The next step consists in calculating the area under the curve (AUC) for the individual profiles of each pairwise comparison. Below, these calculations of summarizeForROC() are run in batch.

## calulate  AUC for each ROC
layout(1)
  #aaa <- summarizeForROC(testPD, useComp=table1[1,1], annotCol="SpecType", spec=c("mainSpecies","spike"), tyThr="BH", plotROC=FALSE,debug=TRUE)

rocPD <- lapply(table1[,1], function(x) summarizeForROC(testPD, useComp=x, annotCol="SpecType", 
  spec=c("mainSpecies","spike"), tyThr="BH", plotROC=FALSE,silent=TRUE))
rocMQ <- lapply(table1[,1], function(x) summarizeForROC(testMQ, useComp=x, annotCol="SpecType", 
  spec=c("mainSpecies","spike"), tyThr="BH", plotROC=FALSE,silent=TRUE))
rocPL <- lapply(table1[,1], function(x) summarizeForROC(testPL, useComp=x, annotCol="SpecType", 
  spec=c("mainSpecies","spike"), tyThr="BH", plotROC=FALSE,silent=TRUE))

# we still need to add the names for the pair-wise groups:
names(rocPD) <- names(rocMQ) <- names(rocPL) <- rownames(table1)

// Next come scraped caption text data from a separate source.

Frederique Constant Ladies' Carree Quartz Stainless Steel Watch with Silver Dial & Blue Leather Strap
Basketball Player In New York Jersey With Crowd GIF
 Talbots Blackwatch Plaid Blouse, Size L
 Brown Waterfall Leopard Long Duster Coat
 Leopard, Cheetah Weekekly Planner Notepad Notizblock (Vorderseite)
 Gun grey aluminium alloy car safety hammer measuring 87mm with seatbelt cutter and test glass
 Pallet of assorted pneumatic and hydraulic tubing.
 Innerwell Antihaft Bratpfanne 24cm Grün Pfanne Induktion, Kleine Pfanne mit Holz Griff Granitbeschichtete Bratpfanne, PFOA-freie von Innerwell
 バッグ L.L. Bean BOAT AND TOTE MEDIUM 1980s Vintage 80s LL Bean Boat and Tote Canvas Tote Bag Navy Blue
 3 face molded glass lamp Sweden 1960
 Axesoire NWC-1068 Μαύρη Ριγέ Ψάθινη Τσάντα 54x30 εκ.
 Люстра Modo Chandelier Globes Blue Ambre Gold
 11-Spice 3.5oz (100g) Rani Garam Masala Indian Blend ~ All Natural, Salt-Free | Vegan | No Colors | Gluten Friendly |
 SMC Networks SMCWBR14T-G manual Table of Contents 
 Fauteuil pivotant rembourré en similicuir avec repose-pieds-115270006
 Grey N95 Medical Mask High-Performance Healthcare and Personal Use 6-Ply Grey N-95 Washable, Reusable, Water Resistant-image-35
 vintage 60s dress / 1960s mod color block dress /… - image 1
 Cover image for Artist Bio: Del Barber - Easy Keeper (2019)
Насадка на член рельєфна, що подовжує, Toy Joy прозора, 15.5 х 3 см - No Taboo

AucAll <- cbind(ind=table1[match(names(rocPD), rownames(table1)),"index"], clu=NA,
  PD=sapply(rocPD, AucROC), MQ=sapply(rocMQ, AucROC), PL=sapply(rocPL, AucROC) )

To provide a quick overview, the clustered AUC values are displayed as PCA :

try(biplot(prcomp(AucAll[,names(methNa)]), cex=0.7, main="PCA of AUC from ROC Curves"))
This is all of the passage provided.